Since the RTOS is running on the host, we cannot install interrupt service routines as we normally would in the deployed system. Instead, Seamless provides an HCE callback routine that is called whenever a PCI interrupt occurs. An argument is passed to the callback that indicates the cause of the interrupt. The Interrupt type includes all possible PCI interrupt types as well as an additional type which indicates that the PCI transactor model has been accessed as a target (slave). Some skeleton code for the interrupt callback is shown in Figure 4.
In the example of Figure 4, there are software tasks polling global variables such as isrFlagA and isrFlagB. The tasks periodically sample these global variables and execute appropriate interrupt code if they are set. Alternatively, you can use a mutex to activate the interrupt handler, or code placed here directly, as in the case of INTERRUPT_TARGET.
If the interrupt is of type INTERRUPT_TARGET, this indicates that the PCI transactor is being accessed as a target. In the case of the line card, the datapath hardware would only access the PCI bus to transfer packets of data into or out of memory. First an HCE function is called to determine the type of transaction (read or write), then an additional HCE function is used to receive or send data for the appropriate address.
In this environment at Hyperchip, the Software Developer initiates the testing by creating software applications within VxSim. Tasks are written to configure hardware registers and then read the status registers to ensure the hardware is in the proper state. Next, the tasks inject data packets into the driver. The Software Developer can then analyze the Modelsim waveforms to find out if the packet is really injected into the hardware-simulation environment. After this task, the Hardware engineer can trace the packets through the datapath hardware. If everything runs correctly, and the packet did loop back and did go into software via PCI, the software Developer will make sure the return packet data is correct.
During the loop-back test, many bugs were easily caught because of the visualization of the software algorithm and the hardware implementation.
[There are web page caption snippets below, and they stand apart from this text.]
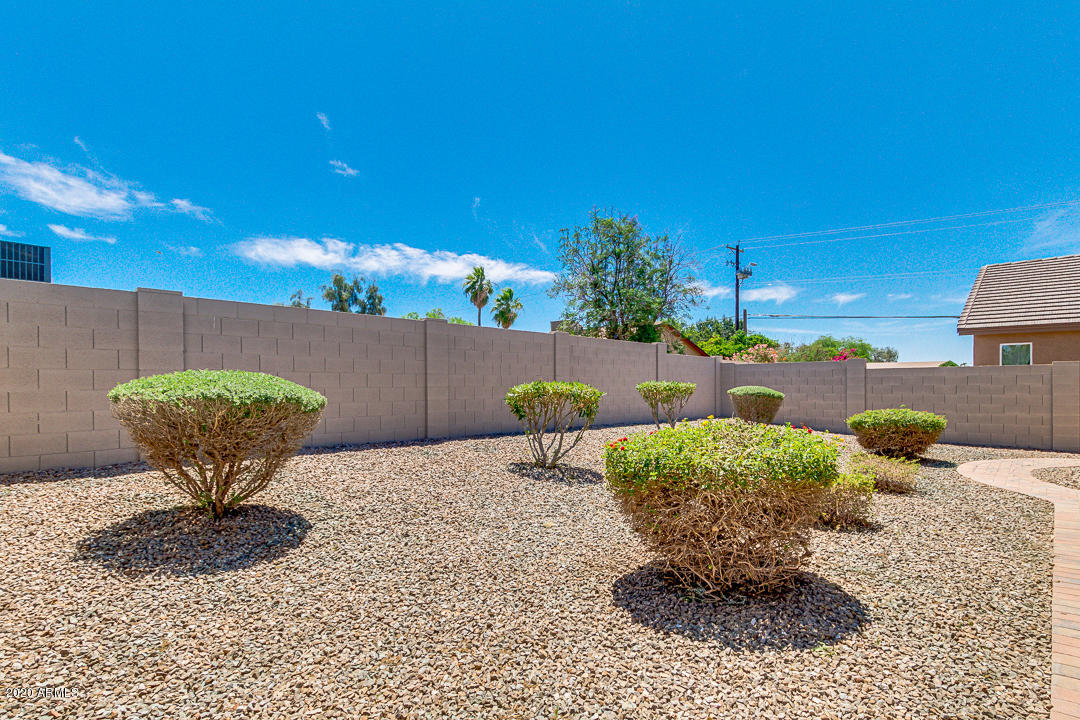 1575 South Apache Drive Apache Junction, AZ 85119 - Photo 24 of 28 Low Maintenance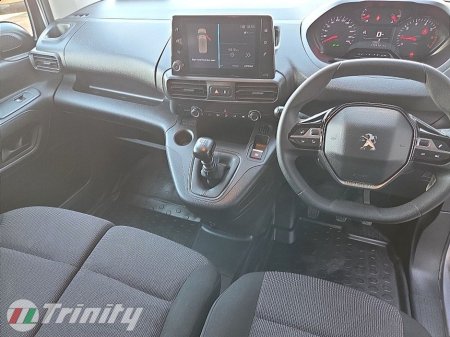 2024 Peugeot Partner - thumbnail 2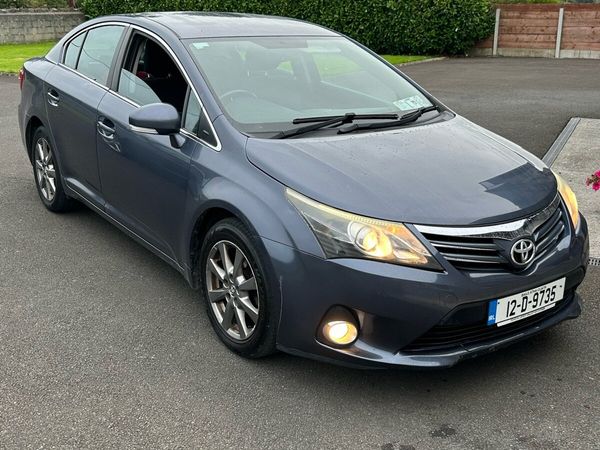 Toyota Avensis Saloon, Diesel, 2012, Blue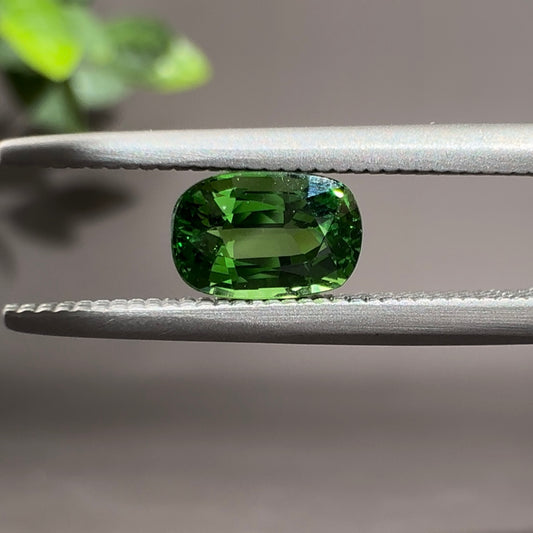 1.07ct Natural Elongated Cushion Cut Green Tsavorite Gemstone 7x5mm Loose Gemstone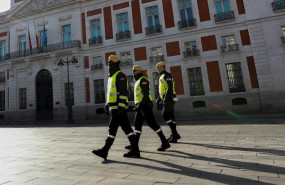 ep militares de la ume pasean por madrid para controlar quien sale de casa en plena crisis del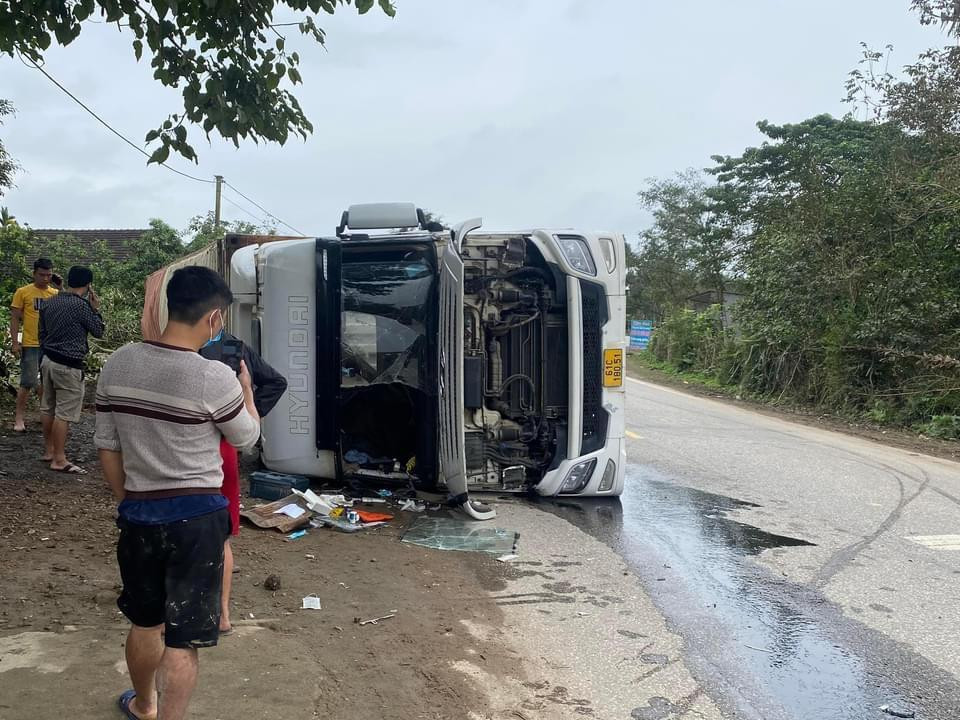 Chiếc xe tải bị mất lái lật giữa đường.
Breakpoints where used on both sides to stop the simulation in order to analyze the state of the system.
Several hardware-design issues where revealed during co-verification. Since the hardware was at an RTL level, changes were easy to make. It would not have been possible to execute such a large amount of software in a typical hardware-simulation environment. Seamless allowed the software to run on the host workstation, and to periodically synchronize with the hardware simulator. For the loop-back test, the execution time of the Seamless simulation was essentially the same as the time needed for the packets to traverse through the datapath in the hardware simulator. Throughout the entire process, it was possible to control and observe results in both the hardware and software environments. This capability provided insight into line-card operation that is not possible with other tools.